Anche se il nostro ruolo, stabilito dagli uomini, ci pone al di la della linea che demarca la realtà dal sogno.
Capite perché ho amato detective fantasma?
Perché se persino un duro come Jack White ha bisogno della vita, se persino l’uomo dei crocicchi ha bisogno di questo piano d’esistenza, significa che la vita è il bene più prezioso che abbiamo.
E se per tornarci, camminare, muoversi in quelle strade cosi affollate, cosi ricche di emozioni c’è bisogno di una brutta faccenda da risolvere, beh allora chi significa che questo mondo ha un po’ di importanza.
Non tanta, ma abbastanza per non torturarlo con l’indifferenza che ci è propria.

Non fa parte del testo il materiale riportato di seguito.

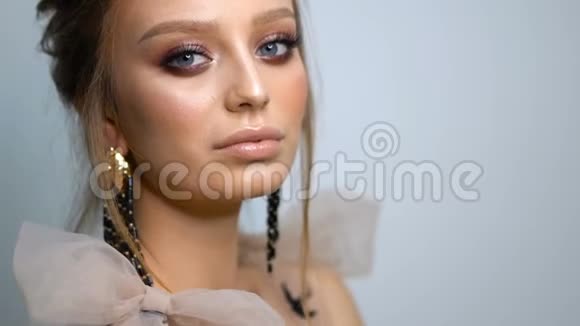 模特脸美容画像有明亮的蓝眼睛护肤理念视频的预览图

l’Uomo dei crocevia avrebbe potuto tirar fuori i piedi dall’acqua facendo arretrare l’oceano di un passo, ma aveva preferito sporcarsi, stare scomodo e imprecare. Wyte lo rispettava per questo. C’era un motivo per cui il diavolo era sempre stato così caro all’umanità. Era come loro, l’espressione della loro stessa attitudine a sbagliare e fare stupidaggini. Era il genere di individuo che brucia la frittata, dice la cosa peggiore al momento sbagliato, mette il dito nella presa elettrica per vedere che cosa succede.
E’ bella cosi la vita, cosi imperfetta, imprevedibile, cosi sghemba, cosi unica e cosi breve.
Cosi piena anche se brucia in un attimo, da abbracciarla e tenerla stretta a te.
E allora dopo avervi scritto queste misere parole, ho deciso di accendere un sigaro bere un rum e brindare proprio all’uomo dei crocevia, che non è mai dritto, non ama le via lineari e un po’ in fondo mi assomiglia.